Will Artificial Intelligence Replace Humans? An Industrial Sociological Inquiry into Employment, Education, and the Future of Work in Nigeria
The growing integration of Artificial Intelligence into production systems, service delivery, and organisational management has intensified concerns regarding the future relevance of human labour within emerging digital economies. Against this background, this paper examined Will Artificial Intelligence Replace Humans? An Industrial Sociological Inquiry into Employment, Education, and the Future of Work. The paper specifically investigated how artificial intelligence is reshaping employment opportunities and job roles across sectors of the economy, assessed its implications for workers’ job security and workplace relations in contemporary organisations, and analysed its implications for the future organisation of work and human labour in Nigeria. The paper was anchored on Skill-Biased Technological Change Theory, which explains how technological advancement disproportionately rewards workers with higher-order technical competencies while exposing routine-based occupations to displacement. Analytical review method was adopted, involving a critical examination and synthesis of recent theoretical and empirical literature published between 2020 and 2026. The paper revealed that artificial intelligence is not eliminating work entirely but is restructuring occupational roles through task automation and task enhancement. The paper further found that while AI improves efficiency and productivity, it also introduces job insecurity and alters workplace authority through algorithm-driven control systems.
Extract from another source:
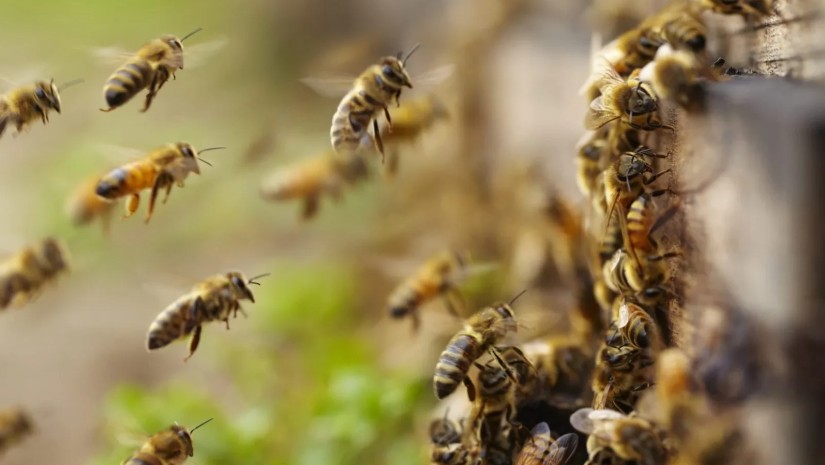 ფუტკრები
Within Nigeria, the findings showed that weak educational adaptation, inadequate digital infrastructure, and limited workforce reskilling mechanisms pose significant barriers to inclusive participation in AI-driven labour markets. The paper concluded that artificial intelligence will redefine rather than replace human labour, with outcomes dependent on institutional preparedness. It recommended curriculum reform, structured workforce reskilling, and the development of regulatory frameworks to ensure responsible and human-centred technological transition.
KEYWORDS: Artificial Intelligence, Human Labour, Employment Restructuring, Educational Adaptation, Future of Work, industrial Sociology, Nigeria.